== Segment start ==

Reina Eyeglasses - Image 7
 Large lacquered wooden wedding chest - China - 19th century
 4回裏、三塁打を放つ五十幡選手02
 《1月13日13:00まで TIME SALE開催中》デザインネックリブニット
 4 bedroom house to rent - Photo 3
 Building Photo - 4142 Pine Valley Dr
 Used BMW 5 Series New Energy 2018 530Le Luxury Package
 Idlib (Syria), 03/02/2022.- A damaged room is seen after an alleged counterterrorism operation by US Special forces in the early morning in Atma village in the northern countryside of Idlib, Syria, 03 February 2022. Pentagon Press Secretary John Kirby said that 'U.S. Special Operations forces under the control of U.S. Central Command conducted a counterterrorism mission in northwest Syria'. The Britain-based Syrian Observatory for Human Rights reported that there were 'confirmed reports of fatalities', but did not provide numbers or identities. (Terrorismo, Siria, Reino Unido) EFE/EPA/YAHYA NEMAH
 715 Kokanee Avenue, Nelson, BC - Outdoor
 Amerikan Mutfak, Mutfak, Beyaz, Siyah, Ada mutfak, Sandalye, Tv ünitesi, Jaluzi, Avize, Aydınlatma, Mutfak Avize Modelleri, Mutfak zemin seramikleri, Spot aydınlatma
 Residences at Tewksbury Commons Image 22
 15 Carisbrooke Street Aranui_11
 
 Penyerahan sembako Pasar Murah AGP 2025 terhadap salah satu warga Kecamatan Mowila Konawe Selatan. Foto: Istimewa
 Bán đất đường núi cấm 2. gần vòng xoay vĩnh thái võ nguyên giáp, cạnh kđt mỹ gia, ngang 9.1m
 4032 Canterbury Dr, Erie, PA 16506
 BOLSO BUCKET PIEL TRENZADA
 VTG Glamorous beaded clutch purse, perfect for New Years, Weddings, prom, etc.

== Segment end ==

To do
Find "Idlib (Syria), 03/02/2022.- A" in the entries above and copy that whole line exactly, then each line after it through the line that contains "Bán đất đường".

Exercise output
 Idlib (Syria), 03/02/2022.- A damaged room is seen after an alleged counterterrorism operation by US Special forces in the early morning in Atma village in the northern countryside of Idlib, Syria, 03 February 2022. Pentagon Press Secretary John Kirby said that 'U.S. Special Operations forces under the control of U.S. Central Command conducted a counterterrorism mission in northwest Syria'. The Britain-based Syrian Observatory for Human Rights reported that there were 'confirmed reports of fatalities', but did not provide numbers or identities. (Terrorismo, Siria, Reino Unido) EFE/EPA/YAHYA NEMAH
 715 Kokanee Avenue, Nelson, BC - Outdoor
 Amerikan Mutfak, Mutfak, Beyaz, Siyah, Ada mutfak, Sandalye, Tv ünitesi, Jaluzi, Avize, Aydınlatma, Mutfak Avize Modelleri, Mutfak zemin seramikleri, Spot aydınlatma
 Residences at Tewksbury Commons Image 22
 15 Carisbrooke Street Aranui_11
 
 Penyerahan sembako Pasar Murah AGP 2025 terhadap salah satu warga Kecamatan Mowila Konawe Selatan. Foto: Istimewa
 Bán đất đường núi cấm 2. gần vòng xoay vĩnh thái võ nguyên giáp, cạnh kđt mỹ gia, ngang 9.1m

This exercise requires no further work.